17年にレイデオロでダービーを制したC.ルメール騎手は、レガレイラ(牝3歳、美浦・木村哲也厩舎)とのコンビで7年ぶりの戴冠が視野に入る。
デビュー戦から手綱を取り、3戦目のホープフルS(G1)で牡馬を蹴散らしてG1馬に輝いたレガレイラ。今年は予定通りぶっつけで皐月賞へ駒を進めた。
ところが当時はルメール騎手がドバイの落馬事故で戦線を離脱中。クラシック初戦には騎乗できなかった。代打として白羽の矢が立ったのは北村宏司騎手。ファンはレガレイラと北村宏騎手を1番人気に支持したが、スタートで他馬と接触する不利もあって後方からの競馬を強いられると、勝負所でスムーズさも欠いて6着に敗れた。

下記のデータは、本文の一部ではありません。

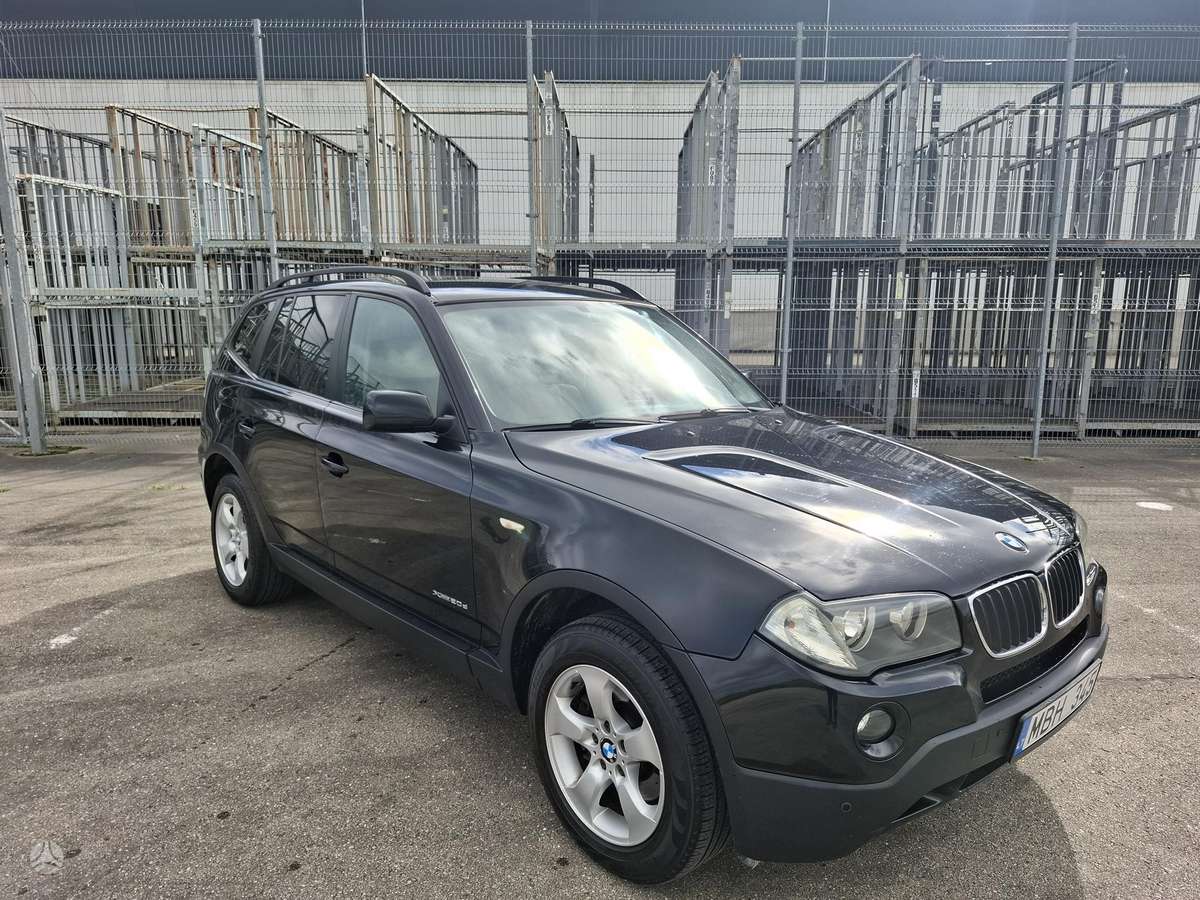 BMW X3 2009 — rear view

ただ、直線でしっかりと脚を伸ばし、上がり最速タイの33秒9をマークしており、ルメール騎手に手が戻る今回は広い東京コースも味方に巻き返しは必至か。
皐月賞2着馬のコスモキュランダ(牡3歳、美浦・加藤士津八厩舎)は、03年ネオユニヴァースと15年ドゥラメンテでダービーを2勝しているM.デムーロ騎手と再コンビを結成する。
初コンビを組んだのは2走前の弥生賞ディープインパクト記念(G2)。単勝オッズ34.9倍の6番人気という低評価で迎えると、スタートで後手を踏み、後方からの競馬となった。
しかし「前残りの馬場でしたから、途中から動いた方が良いと思って」と、デムーロ騎手は向正面で捲っていき先行集団に取り付くと、4角2番手から直線で押し切る強い内容で勝利。最高の形で皐月賞の優先出走権を獲得した。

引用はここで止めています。